A população está sofrendo, mas sabe que é um estado rico e que não precisaria estar assim. Não deveria chegar no ponto que está e se o governo olhasse para o funcionalismo público de uma outra forma seria diferente. O ES tem um dos maiores PIBs do Brasil, uma renda per capita alta.
Saio de casa normal. Vou para o batalhão e fico lá porque não tem como sair. Chego, coloco minha farda no batalhão. E fico lá.
Está sendo criada uma falsa sensação de segurança. Tentam passar para a população que está tudo bem, mas na verdade a gente sabe que tudo continua praticamente do jeito que estava. Não tem viatura, o Exército não vai conseguir patrulhar todos os lugares, principalmente a periferia.

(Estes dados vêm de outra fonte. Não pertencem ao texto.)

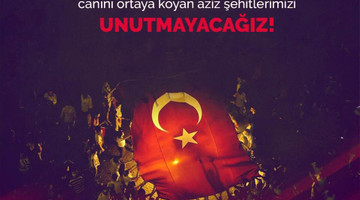 15 Temmuz 2016’da tarihe altın harflerle yazılmış kahramanlık destanını #Unutmayacağız, unutturmayacağız.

A expectativa de todos os policias é que se resolva o mais rápido possível e que haja um acordo. O governo falou que não pode dar aumento, mas há outros benefícios e são questões que poderiam pôr fim ao movimento.

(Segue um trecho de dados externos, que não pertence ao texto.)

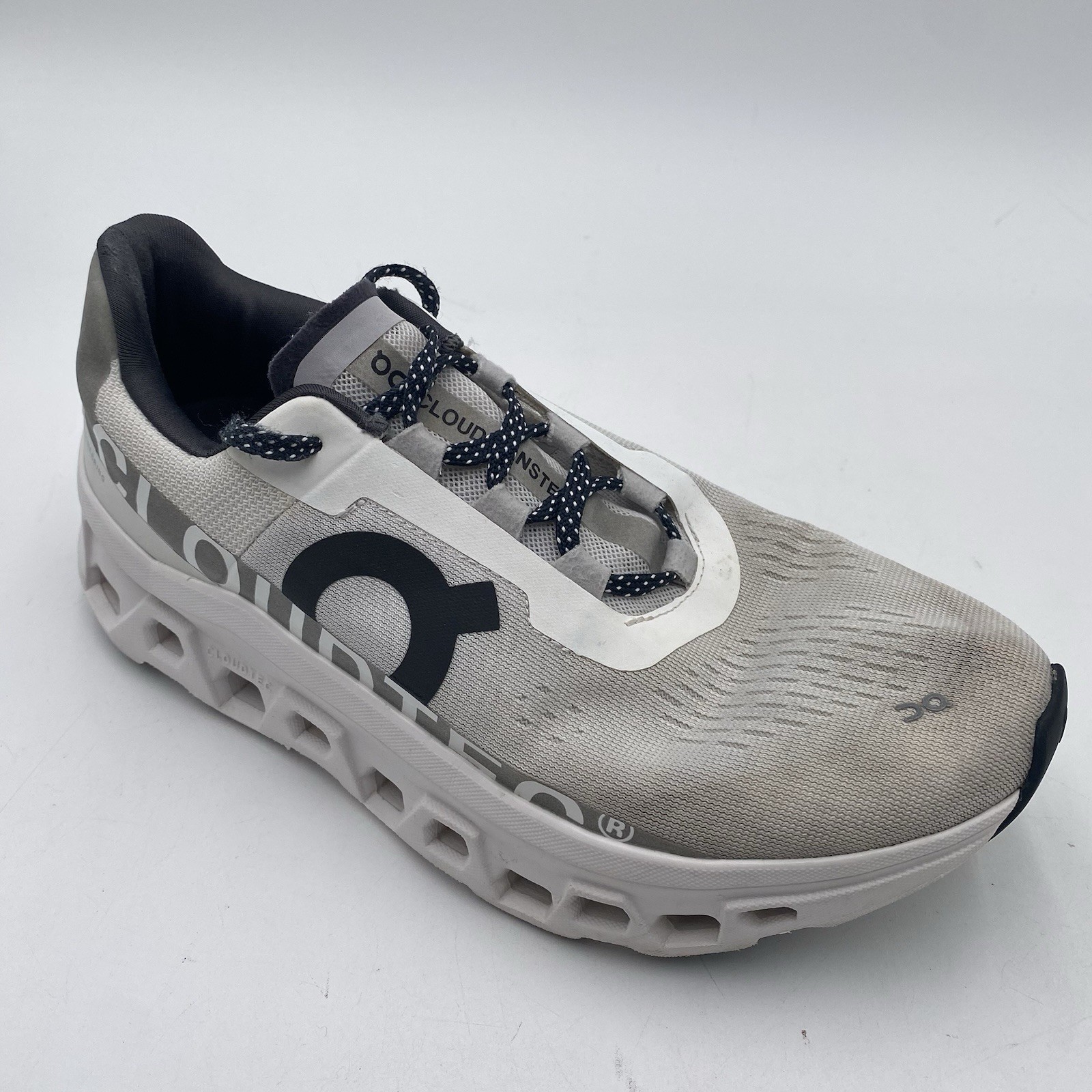 On Cloudmonster Shoes Men Sz 7.5 Running White Black CloudTec Sneakers SEE PICS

Está muito no tom de ameaça ainda. Nesse fim de semana, a pressão estava muito grande em cima dos policiais. Há notícias de militares que teriam até tentando suicídio por causa de pressão que estão sofrendo...pressão de punição e expulsão".
G., 26 anos, acampada em batalhão de Vitória: “Não querem saber da gente. Não querem mais conversar”

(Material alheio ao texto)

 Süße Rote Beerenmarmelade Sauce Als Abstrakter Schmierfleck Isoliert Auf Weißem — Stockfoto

"A gente tem esperança de que o governador olhe com cuidado nossa proposta. A gente preparou uma abrindo mão do reajuste salarial e fizemos pedidos que não afetam a lei de responsabilização fiscal que o governo alega ser o problema. Só que tivemos negativa. Eles não querem saber da gente, não querem mais conversar.
Não está nada tranquilo. Acabaram de tacar fogo em um ônibus aqui em Vitória. O que a gente quer é uma negociação e diálogo com o governo. A gente abriu mão do reajuste em prol da sociedade. Eles falam que vão contratar novos policiais... então se tem dinheiro para concurso, tem dinheiro para atender alguns dos nossos pedidos.
A polícia não está rodando como eles dizem. Eles não vão para periferia. Ficam em lugares nobres, então dá uma sensação de segurança, mas a polícia não está nas ruas.
A gente sente apoio [da população] no sentido de pressionarem o governo a negociar. Nesses dias tenho visto que, quanto mais a gente pensa que estamos enfraquecendo, mais fortes a gente está ficando".
Sem acordo
Governo e integrantes do movimento de paralisação travam uma queda de braço há mais de uma semana na tentativa de chegar a um acordo para desobstrução dos batalhões. Na segunda-feira (13), houve uma nova rodada de negociações e o governo do Espírito Santo não aceitou a proposta apresentada pelas mulheres e associações da categoria.
Na nova tentativa de acordo, as mulheres abriam mão do reajuste imediato de 43% para os policiais e nenhum outro porcentual de reajuste era mencionado, mas a categoria pedia a concessão de auxílio fardamento de R$ 533,50 em duas parcelas anuais, a incorporação imediata aos vencimentos de escalas extras, cronograma para promoções, o pagamento de auxílio-alimentação e o realinhamento da tabela de subsídios. O documento também pedia anistia total aos policiais militares e mulheres envolvidas no movimento. O governo capixaba descartou a hipótese.
Em nota, o governo afirmou que "muito embora as entidades reconheçam que o cenário econômico nacional e as condições limitadas do governo estadual inviabilizam a concessão do reajuste solicitado, há o pedido de uma pauta que impacta, de forma expressiva, o orçamento e as finanças do Espírito Santo".
Além disso, o governo afirma que chegou a firmar dois acordos com as associações da classe que não foram cumpridos. O movimento de mulheres de PMs sempre negou ter fechado qualquer tipo de acordo com a administração estadual.